We pulled the weir, so all fish can now pass upstream on their own. That's a wrap on the 2021 Chinook salmon egg take!


----------



## Sons of Fishes! (Oct 7, 2021)

M. Tonello said:


> Finished up the egg take today at the Little Manistee Weir. We spawned 120 pairs and harvested 644 Chinooks, for a season total of 2,907. We passed 117 coho salmon for a season total of 881, and 47 steelhead for a total of 218. Finally, we passed 7 more brown trout for a total of 39. Had several steelies in the 15 lb range today and the biggest Chinook was 27.9 lbs.
> 
> We pulled the weir, so all fish can now pass upstream on their own. That's a wrap on the 2021 Chinook salmon egg take!


Thank you Mark! Nice job.


----------



## SkunkCity (May 15, 2019)

Those numbers sound pretty good when compared to recent years. Can you confirm?


----------



## M. Tonello (Sep 20, 2002)

I'd say yes, at least for the Chinooks.
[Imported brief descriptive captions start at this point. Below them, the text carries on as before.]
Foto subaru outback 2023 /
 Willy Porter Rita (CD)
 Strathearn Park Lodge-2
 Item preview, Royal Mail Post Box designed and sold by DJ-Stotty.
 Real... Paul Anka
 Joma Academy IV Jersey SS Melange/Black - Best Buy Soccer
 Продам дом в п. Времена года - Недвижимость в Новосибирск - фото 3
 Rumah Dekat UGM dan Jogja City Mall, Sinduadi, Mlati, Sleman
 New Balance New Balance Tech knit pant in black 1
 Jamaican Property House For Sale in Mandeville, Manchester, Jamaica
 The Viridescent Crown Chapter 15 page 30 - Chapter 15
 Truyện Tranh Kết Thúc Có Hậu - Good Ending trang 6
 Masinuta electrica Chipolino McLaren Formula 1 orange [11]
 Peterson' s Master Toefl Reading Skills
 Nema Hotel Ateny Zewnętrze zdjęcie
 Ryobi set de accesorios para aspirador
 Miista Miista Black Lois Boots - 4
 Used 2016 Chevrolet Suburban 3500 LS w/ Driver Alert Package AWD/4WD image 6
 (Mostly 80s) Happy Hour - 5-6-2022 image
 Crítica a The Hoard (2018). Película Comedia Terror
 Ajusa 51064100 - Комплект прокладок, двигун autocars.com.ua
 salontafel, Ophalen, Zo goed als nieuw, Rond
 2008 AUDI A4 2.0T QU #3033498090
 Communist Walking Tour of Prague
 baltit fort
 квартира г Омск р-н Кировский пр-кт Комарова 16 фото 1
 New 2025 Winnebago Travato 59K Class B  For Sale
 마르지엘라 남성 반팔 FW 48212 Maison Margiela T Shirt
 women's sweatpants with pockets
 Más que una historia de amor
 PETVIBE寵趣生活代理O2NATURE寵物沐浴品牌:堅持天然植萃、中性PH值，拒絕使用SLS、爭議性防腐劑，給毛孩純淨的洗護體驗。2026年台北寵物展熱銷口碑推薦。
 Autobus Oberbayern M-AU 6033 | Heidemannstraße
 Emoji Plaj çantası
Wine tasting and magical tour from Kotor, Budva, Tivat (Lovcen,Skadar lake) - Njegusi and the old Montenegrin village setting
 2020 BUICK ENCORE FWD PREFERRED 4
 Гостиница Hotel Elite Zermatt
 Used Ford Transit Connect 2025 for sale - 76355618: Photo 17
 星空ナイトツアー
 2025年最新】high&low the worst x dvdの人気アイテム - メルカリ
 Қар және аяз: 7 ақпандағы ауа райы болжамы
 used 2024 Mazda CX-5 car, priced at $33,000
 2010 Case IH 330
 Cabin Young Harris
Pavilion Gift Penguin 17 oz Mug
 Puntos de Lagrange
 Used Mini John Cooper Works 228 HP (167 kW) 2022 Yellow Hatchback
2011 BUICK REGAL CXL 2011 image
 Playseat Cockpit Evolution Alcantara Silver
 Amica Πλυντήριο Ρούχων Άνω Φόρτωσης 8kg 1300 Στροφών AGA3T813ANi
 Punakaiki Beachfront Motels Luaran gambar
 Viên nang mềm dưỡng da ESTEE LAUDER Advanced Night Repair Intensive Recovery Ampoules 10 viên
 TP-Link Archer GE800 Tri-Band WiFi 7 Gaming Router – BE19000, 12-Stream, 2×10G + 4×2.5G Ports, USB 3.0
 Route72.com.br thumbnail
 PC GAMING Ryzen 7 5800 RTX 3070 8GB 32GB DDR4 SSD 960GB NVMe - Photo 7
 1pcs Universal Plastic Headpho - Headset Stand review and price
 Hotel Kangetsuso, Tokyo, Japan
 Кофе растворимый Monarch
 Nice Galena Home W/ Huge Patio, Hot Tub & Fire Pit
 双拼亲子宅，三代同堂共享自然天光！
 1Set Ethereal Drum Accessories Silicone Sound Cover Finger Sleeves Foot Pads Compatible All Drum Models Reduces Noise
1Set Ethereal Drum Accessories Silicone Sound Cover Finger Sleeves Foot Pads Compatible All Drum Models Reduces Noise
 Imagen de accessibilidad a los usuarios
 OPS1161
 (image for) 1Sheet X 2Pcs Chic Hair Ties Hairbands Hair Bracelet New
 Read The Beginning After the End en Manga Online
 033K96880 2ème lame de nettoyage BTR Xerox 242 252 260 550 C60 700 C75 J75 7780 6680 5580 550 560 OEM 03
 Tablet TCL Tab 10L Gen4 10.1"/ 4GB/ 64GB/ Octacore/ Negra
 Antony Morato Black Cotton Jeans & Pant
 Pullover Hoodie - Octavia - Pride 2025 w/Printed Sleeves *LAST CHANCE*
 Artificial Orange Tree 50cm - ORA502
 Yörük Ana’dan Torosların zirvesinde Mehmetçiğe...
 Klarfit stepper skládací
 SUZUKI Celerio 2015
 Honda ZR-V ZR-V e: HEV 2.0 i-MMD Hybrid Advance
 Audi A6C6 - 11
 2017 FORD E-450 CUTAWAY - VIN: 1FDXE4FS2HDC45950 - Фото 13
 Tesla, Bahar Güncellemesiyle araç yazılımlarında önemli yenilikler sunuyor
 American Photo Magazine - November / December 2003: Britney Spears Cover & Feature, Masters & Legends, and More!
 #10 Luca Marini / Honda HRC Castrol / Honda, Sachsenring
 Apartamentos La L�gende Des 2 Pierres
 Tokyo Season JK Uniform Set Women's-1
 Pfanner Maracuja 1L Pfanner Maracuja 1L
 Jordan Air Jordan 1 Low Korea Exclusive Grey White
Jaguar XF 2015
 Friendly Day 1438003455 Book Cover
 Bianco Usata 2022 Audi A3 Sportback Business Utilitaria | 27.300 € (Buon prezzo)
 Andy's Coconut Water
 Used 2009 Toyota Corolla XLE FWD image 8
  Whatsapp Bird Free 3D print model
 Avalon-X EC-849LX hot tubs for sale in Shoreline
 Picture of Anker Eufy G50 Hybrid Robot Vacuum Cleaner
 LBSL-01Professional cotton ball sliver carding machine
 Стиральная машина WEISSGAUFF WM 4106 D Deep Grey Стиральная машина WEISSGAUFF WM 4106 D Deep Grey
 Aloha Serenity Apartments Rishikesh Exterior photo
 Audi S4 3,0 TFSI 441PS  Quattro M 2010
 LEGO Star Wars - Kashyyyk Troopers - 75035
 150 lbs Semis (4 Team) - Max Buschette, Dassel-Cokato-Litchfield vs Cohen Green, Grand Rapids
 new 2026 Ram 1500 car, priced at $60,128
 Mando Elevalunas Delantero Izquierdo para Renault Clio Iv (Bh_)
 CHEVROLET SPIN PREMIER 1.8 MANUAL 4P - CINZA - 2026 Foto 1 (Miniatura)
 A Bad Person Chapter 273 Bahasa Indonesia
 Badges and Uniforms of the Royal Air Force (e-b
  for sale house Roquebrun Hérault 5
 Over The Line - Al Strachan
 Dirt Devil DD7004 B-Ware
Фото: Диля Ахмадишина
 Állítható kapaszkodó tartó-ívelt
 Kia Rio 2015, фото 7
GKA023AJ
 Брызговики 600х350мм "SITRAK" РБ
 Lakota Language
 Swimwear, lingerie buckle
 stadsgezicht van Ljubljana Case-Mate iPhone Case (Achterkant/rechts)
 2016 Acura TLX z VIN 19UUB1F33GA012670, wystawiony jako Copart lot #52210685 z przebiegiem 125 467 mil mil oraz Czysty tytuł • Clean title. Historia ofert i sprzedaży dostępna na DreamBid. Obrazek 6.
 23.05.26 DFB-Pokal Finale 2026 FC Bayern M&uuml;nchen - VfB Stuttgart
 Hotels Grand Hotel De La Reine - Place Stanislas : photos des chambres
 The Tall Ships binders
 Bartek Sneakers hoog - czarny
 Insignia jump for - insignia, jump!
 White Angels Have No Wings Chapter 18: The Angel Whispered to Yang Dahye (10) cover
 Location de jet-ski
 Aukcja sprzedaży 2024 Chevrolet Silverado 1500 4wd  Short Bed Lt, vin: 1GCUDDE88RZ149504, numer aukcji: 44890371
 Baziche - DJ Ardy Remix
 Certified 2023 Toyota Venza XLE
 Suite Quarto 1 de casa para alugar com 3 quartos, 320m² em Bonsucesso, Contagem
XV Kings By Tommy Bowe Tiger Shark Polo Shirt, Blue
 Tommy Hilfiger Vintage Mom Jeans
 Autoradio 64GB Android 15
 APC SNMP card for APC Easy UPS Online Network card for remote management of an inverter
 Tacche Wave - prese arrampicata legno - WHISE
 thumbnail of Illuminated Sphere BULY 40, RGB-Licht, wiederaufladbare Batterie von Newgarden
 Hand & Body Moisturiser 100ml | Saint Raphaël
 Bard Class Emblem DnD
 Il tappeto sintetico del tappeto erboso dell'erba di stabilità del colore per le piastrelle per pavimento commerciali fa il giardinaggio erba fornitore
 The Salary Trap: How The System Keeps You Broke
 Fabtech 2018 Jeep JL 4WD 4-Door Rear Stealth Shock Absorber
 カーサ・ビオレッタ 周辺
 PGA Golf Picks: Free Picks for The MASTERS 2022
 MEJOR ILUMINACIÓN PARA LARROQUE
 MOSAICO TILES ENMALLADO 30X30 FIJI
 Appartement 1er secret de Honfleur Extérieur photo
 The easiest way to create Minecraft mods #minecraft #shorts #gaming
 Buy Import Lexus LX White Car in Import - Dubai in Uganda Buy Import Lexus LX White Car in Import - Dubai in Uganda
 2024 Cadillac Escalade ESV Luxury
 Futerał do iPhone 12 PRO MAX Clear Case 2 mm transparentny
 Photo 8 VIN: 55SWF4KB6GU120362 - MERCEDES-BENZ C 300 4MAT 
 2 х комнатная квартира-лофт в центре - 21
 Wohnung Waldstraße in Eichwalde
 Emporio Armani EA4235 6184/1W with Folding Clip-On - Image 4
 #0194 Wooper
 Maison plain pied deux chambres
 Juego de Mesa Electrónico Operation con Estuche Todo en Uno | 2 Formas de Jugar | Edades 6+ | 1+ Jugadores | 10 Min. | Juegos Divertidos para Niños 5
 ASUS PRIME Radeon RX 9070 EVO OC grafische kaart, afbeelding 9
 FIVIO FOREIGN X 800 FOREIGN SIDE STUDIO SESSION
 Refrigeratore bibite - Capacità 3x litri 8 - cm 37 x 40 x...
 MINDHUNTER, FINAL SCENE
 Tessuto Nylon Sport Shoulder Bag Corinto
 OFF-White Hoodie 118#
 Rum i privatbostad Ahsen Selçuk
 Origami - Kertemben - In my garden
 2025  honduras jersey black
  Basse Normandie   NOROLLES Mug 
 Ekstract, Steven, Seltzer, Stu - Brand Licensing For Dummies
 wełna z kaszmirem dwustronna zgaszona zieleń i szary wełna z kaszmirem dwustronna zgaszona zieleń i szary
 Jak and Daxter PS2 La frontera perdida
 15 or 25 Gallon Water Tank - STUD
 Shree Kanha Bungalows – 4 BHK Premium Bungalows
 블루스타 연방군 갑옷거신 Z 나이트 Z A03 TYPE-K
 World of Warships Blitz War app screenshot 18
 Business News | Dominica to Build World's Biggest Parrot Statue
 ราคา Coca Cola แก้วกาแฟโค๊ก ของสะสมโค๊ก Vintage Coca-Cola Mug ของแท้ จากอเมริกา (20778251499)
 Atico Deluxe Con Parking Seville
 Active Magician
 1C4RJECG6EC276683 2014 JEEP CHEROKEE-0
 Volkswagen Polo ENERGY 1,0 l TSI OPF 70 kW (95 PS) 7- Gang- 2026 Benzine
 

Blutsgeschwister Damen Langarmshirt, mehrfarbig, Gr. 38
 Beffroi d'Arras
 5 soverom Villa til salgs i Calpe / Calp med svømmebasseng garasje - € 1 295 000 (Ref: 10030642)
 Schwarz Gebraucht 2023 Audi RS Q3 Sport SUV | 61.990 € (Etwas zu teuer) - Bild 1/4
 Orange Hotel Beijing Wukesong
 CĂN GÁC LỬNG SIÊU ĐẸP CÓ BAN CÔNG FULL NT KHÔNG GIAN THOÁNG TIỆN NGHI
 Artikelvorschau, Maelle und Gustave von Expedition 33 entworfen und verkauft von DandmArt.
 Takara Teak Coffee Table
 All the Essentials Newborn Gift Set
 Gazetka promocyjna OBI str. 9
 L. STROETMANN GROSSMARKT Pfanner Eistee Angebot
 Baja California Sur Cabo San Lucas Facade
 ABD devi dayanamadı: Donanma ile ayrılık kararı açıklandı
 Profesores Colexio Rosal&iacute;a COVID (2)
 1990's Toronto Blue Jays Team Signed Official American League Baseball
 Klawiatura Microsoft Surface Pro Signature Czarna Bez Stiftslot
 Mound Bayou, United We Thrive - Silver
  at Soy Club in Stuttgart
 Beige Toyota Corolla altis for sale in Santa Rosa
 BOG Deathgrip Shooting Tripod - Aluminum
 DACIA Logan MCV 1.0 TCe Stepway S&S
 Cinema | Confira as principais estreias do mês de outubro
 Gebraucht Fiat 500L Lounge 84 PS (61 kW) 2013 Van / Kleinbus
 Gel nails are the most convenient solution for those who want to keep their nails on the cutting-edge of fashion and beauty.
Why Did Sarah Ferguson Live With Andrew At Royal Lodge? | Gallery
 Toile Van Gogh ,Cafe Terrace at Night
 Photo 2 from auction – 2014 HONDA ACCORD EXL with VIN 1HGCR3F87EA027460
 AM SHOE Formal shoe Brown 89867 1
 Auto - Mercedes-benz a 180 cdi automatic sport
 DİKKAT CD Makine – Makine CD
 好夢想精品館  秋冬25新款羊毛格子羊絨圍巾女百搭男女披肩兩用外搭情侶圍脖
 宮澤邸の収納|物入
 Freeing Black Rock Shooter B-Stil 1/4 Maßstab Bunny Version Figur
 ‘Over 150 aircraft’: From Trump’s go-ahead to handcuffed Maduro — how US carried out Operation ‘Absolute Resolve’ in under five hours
Numerically this is our best year since 2013, for what that's worth. Being that it's only Oct 7th and we were still seeing some fairly fresh fish, I'd like to think there are at least a few more that will head upstream to spawn. We never know the exact total because we remove the weir as soon as we're done taking eggs.

Steelhead- we're definitely better off than we were last year, and again I like all the skippers I'm seeing. Makes me think that 2019 year class was pretty good. But the fall run for steelies is always dictated by rain, so it's way too early to tell. 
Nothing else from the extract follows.